[[ RECORDS SUPPLIED open ]]

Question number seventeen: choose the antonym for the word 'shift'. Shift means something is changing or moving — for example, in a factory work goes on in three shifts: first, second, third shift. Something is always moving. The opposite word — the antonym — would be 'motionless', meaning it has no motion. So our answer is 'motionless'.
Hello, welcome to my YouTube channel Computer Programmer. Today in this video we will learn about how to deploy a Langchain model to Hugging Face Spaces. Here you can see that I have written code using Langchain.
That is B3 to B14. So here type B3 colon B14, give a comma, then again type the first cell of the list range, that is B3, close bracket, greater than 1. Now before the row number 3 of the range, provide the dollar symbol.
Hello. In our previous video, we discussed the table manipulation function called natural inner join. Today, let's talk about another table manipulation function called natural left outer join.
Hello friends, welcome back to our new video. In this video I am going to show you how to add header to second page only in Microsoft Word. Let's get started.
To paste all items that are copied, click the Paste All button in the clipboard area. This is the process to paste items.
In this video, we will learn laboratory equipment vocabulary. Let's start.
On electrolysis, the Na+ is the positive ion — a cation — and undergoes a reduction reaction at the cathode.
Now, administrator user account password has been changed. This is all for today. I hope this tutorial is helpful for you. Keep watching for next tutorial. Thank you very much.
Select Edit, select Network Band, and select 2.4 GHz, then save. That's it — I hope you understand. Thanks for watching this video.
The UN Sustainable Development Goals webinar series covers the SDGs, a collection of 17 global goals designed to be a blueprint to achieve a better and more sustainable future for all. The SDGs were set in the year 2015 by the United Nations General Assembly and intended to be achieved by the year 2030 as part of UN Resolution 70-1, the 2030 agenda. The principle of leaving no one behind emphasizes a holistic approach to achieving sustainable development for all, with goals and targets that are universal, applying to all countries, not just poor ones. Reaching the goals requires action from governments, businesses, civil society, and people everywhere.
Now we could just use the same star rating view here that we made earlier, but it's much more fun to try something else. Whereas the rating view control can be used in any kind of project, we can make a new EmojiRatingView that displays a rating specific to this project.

[[ RECORDS SUPPLIED closed ]]

Write out the lines above from the one containing "In this video, we" through the last, exactly as they are.

In this video, we will learn laboratory equipment vocabulary. Let's start.
On electrolysis, the Na+ is the positive ion — a cation — and undergoes a reduction reaction at the cathode.
Now, administrator user account password has been changed. This is all for today. I hope this tutorial is helpful for you. Keep watching for next tutorial. Thank you very much.
Select Edit, select Network Band, and select 2.4 GHz, then save. That's it — I hope you understand. Thanks for watching this video.
The UN Sustainable Development Goals webinar series covers the SDGs, a collection of 17 global goals designed to be a blueprint to achieve a better and more sustainable future for all. The SDGs were set in the year 2015 by the United Nations General Assembly and intended to be achieved by the year 2030 as part of UN Resolution 70-1, the 2030 agenda. The principle of leaving no one behind emphasizes a holistic approach to achieving sustainable development for all, with goals and targets that are universal, applying to all countries, not just poor ones. Reaching the goals requires action from governments, businesses, civil society, and people everywhere.
Now we could just use the same star rating view here that we made earlier, but it's much more fun to try something else. Whereas the rating view control can be used in any kind of project, we can make a new EmojiRatingView that displays a rating specific to this project.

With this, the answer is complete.